Аналогичные проблемы стояли и перед теоретиками-символистами, в частности перед Вяч. Ивановым, который {139} являлся главным теоретиком «соборного действа» в предреволюционные годы, а в эпоху военного коммунизма, будучи одним из работников ТЕО Наркомпроса, пытался эту концепцию в слегка обновленном виде реализовать в практике массовых революционных празднеств.

Это было понятие о необычном празднично-театральном действии, в «соборности» которого исчезает пассивность зрителя, ибо на смену ей приходит коллективное мистико-религиозное творчество, полностью изменяющее принятые в сложившемся театре отношения между сценой и зрительным залом. Драматург, в отличие от актера и зрителей, сохранявшийся в этом театре-празднике, рассматривался Вяч. Ивановым как учитель народа, творящий мифы — высшую реальность жизни человеческого духа. При этом главной функцией «соборного действа» должно было быть не познание, а «преображение», некий психологический и духовно-нравственный перелом, распространяющийся на всех участников и имеющий своей целью единомыслие и единочувствие под эгидой мифа.
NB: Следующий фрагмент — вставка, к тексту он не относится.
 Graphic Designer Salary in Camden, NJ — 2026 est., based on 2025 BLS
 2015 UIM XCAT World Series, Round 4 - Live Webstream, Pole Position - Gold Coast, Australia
Напомним, что концепция Вяч. Иванова строилась на учении Ницше о «рождении трагедии из духа музыки» и что другим ее источником был мессианизм Вл. Соловьева. Эти две традиции сообщили ей черты некоего аристократического «народничества», надеющегося на возможность реставрации в современном мире мифопоэтического сознания, которое — в силу якобы особых путей России, минующей капитализм, — должно было создать большое всенародное художественное творчество, праздничное искусство или искусство праздника, совмещающее в себе три ипостаси — красоту, истину и добро, которые, находя свое воплощение в реальном поведении людей, делают такое искусство феноменом абсолютного человеческого единства, феноменом идеальной общественности.
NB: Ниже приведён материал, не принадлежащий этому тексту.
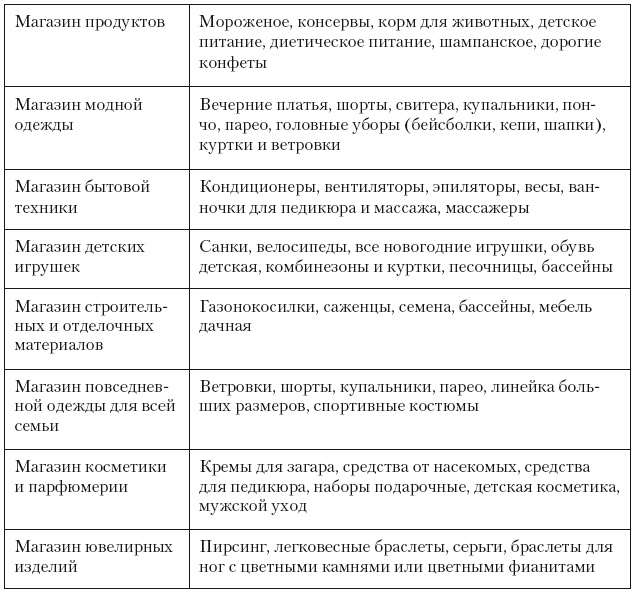 Категорийный менеджмент. Курс управления ассортиментом в рознице (+ электронное приложение) Категорийный менеджмент. Курс управления ассортиментом в рознице (+ электронное приложение)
В концепции «соборного действа» отразились мечтания либеральной интеллигенции 1910‑х годов о свободном обществе, устранившем существующие в мире классовые и сословные антагонизмы, имущественное и культурное неравенство. Путь же к такому обществу, как его представляла себе эта интеллигенция, не был путем действительного социального освобождения, так как связывался не с революционной, а с чисто духовной, морально-этической акцией религиозно-мистического толка, ограничиваясь борьбой за сцену. В частности, концепция Вяч. Иванова {140} была направлена против буржуазного театра, лишенного, по его мнению, религиозной основы. Одновременно она противопоставлялась любой другой социальной форме театра, фактически театру вообще, предполагающему игру актера и воспринимающего эту игру зрителя. Исключение составляли лишь архаические формы театрального действия, являющиеся придатком того или иного религиозного культа. К ним относились, к примеру, раннеантичные мистерии, на которые в предреволюционный период и ориентировался главным образом Вяч. Иванов. Но поиски нового театра, проводившиеся им на сцене «Башенного театра», устроенного на его квартире, в узком кругу художественной элиты, обнаружили всю несостоятельность подобной ориентации. Вот тогда-то и привлекли внимание Вяч. Иванова творческие планы Скрябина, связанные с «Мистерией» и «Предварительным Действом».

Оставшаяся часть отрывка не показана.